[Data to use — start]

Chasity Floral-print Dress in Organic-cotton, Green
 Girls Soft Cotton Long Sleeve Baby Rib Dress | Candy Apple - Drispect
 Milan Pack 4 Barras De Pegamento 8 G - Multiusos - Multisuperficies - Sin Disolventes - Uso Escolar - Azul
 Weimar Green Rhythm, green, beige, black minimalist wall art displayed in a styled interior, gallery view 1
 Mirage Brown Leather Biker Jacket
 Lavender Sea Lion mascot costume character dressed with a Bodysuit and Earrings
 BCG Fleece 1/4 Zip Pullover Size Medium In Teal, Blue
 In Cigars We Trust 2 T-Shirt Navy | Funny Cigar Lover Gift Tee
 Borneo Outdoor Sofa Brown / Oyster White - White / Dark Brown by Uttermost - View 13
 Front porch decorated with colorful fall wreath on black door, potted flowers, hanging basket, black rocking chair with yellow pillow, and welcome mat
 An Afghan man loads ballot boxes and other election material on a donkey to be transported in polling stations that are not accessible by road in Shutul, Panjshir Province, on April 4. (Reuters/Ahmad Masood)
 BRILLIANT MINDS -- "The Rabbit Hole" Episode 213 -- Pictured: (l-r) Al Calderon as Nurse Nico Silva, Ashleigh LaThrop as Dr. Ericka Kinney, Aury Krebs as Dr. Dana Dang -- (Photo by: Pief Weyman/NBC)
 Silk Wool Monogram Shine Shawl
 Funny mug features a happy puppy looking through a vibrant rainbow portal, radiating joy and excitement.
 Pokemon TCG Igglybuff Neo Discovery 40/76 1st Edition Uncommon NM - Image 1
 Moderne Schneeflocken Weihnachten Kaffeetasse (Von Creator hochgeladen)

[Data to use — finish]

- Task objective
Look back at the data above. Transcribe exactly the lines starting at the line that contains "by: Pief Weyman/NBC)" and ending at the line that contains "Funny mug features".

- Result of the exercise
 BRILLIANT MINDS -- "The Rabbit Hole" Episode 213 -- Pictured: (l-r) Al Calderon as Nurse Nico Silva, Ashleigh LaThrop as Dr. Ericka Kinney, Aury Krebs as Dr. Dana Dang -- (Photo by: Pief Weyman/NBC)
 Silk Wool Monogram Shine Shawl
 Funny mug features a happy puppy looking through a vibrant rainbow portal, radiating joy and excitement.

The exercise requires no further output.